__Work instructions__
Nothing should be left out: output all of the entries exactly.

__Records to use__
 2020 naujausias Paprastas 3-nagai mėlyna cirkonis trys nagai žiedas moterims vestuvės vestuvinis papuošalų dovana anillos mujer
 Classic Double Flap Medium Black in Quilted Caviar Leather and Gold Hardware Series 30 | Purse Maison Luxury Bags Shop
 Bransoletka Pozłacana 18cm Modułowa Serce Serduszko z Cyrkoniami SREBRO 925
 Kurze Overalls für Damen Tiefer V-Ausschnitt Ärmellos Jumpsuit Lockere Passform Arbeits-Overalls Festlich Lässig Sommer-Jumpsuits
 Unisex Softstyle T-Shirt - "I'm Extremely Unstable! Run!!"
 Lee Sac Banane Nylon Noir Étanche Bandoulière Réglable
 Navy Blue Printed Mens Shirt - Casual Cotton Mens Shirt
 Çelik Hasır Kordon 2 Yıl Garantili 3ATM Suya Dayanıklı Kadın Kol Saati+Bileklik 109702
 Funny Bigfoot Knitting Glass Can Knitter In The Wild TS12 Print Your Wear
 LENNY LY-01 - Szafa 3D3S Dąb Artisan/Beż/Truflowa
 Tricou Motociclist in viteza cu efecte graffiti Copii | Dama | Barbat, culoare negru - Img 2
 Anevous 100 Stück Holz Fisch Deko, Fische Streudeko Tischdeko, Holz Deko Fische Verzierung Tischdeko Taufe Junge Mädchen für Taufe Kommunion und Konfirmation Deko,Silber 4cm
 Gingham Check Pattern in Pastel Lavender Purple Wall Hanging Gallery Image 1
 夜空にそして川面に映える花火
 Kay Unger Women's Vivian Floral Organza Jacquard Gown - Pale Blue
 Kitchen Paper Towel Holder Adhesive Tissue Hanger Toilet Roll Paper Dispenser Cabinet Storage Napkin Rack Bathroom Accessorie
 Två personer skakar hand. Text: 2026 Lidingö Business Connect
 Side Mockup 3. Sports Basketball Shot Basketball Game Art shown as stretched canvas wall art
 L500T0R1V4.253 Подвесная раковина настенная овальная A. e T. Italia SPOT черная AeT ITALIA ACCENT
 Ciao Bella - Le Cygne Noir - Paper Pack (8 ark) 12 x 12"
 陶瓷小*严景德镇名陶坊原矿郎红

__Answer for the task__
 2020 naujausias Paprastas 3-nagai mėlyna cirkonis trys nagai žiedas moterims vestuvės vestuvinis papuošalų dovana anillos mujer
 Classic Double Flap Medium Black in Quilted Caviar Leather and Gold Hardware Series 30 | Purse Maison Luxury Bags Shop
 Bransoletka Pozłacana 18cm Modułowa Serce Serduszko z Cyrkoniami SREBRO 925
 Kurze Overalls für Damen Tiefer V-Ausschnitt Ärmellos Jumpsuit Lockere Passform Arbeits-Overalls Festlich Lässig Sommer-Jumpsuits
 Unisex Softstyle T-Shirt - "I'm Extremely Unstable! Run!!"
 Lee Sac Banane Nylon Noir Étanche Bandoulière Réglable
 Navy Blue Printed Mens Shirt - Casual Cotton Mens Shirt
 Çelik Hasır Kordon 2 Yıl Garantili 3ATM Suya Dayanıklı Kadın Kol Saati+Bileklik 109702
 Funny Bigfoot Knitting Glass Can Knitter In The Wild TS12 Print Your Wear
 LENNY LY-01 - Szafa 3D3S Dąb Artisan/Beż/Truflowa
 Tricou Motociclist in viteza cu efecte graffiti Copii | Dama | Barbat, culoare negru - Img 2
 Anevous 100 Stück Holz Fisch Deko, Fische Streudeko Tischdeko, Holz Deko Fische Verzierung Tischdeko Taufe Junge Mädchen für Taufe Kommunion und Konfirmation Deko,Silber 4cm
 Gingham Check Pattern in Pastel Lavender Purple Wall Hanging Gallery Image 1
 夜空にそして川面に映える花火
 Kay Unger Women's Vivian Floral Organza Jacquard Gown - Pale Blue
 Kitchen Paper Towel Holder Adhesive Tissue Hanger Toilet Roll Paper Dispenser Cabinet Storage Napkin Rack Bathroom Accessorie
 Två personer skakar hand. Text: 2026 Lidingö Business Connect
 Side Mockup 3. Sports Basketball Shot Basketball Game Art shown as stretched canvas wall art
 L500T0R1V4.253 Подвесная раковина настенная овальная A. e T. Italia SPOT черная AeT ITALIA ACCENT
 Ciao Bella - Le Cygne Noir - Paper Pack (8 ark) 12 x 12"
 陶瓷小*严景德镇名陶坊原矿郎红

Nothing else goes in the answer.